Task instructions:
Word for word, transcribe the data below from the line with "Gretsch Guitars G2655" to the line with "Bright Eyes Revival", keeping both of those lines.

======== Listed records

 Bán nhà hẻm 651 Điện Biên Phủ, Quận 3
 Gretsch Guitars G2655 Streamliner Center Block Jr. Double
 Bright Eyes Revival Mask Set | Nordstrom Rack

================
======== Listed records

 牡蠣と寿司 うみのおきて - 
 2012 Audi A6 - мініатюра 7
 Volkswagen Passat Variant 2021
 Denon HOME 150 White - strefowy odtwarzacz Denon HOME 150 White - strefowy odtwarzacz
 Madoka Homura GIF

================

The answer:
 Gretsch Guitars G2655 Streamliner Center Block Jr. Double
 Bright Eyes Revival Mask Set | Nordstrom Rack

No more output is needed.